Classically Integral Quadratic Forms Excepting at Most Two Values

TL;DR

This paper classifies quadratic forms that fail to represent at most two specific positive integers, extending previous theorems and providing explicit examples and enumeration for quaternary forms.

Contribution

It extends the classification of quadratic forms to those missing at most two values, solving a problem posed since Halmos and developing new methods for higher-dimensional forms.

Findings

Identified all 73 pairs of integers that can be excepted by such quadratic forms.

Constructed explicit quadratic forms for each exception pair.

Proved that the form x^2+2y^2+7z^2+13w^2 misses only the number 5.

Abstract

Let $S \subseteq \mathbb{N}$ be finite.

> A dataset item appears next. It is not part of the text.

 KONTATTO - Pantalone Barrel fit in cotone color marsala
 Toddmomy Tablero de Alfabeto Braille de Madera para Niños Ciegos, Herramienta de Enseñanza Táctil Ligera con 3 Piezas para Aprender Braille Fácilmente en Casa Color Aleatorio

Is there a positive definite quadratic form that fails to represent only those elements in $S$? For $S = \emptyset$, this was solved (for classically integral forms) by the $15$-Theorem of Conway-Schneeberger in the early 1990s and (for all integral forms) by the $290$-Theorem of Bhargava-Hanke in the mid-2000s. In 1938 Halmos attempted to list all weighted sums of four squares that failed to represent $S=\{m\}$; of his $88$ candidates, he could provide complete justifications for all but one. In the same spirit, we ask, "for which $S = \{m, n\}$ does there exist a quadratic form excepting only the elements of $S$?" Extending the techniques of Bhargava and Hanke, we answer this question for quaternary forms. In the process, we prove what Halmos could not; namely, that $x^2+2y^2+7z^2+13w^2$ represents all positive integers except $5$. We develop new strategies to handle forms of higher dimensions, yielding an enumeration of and proofs for the $73$ possible pairs that a classically integral positive definite quadratic form may except.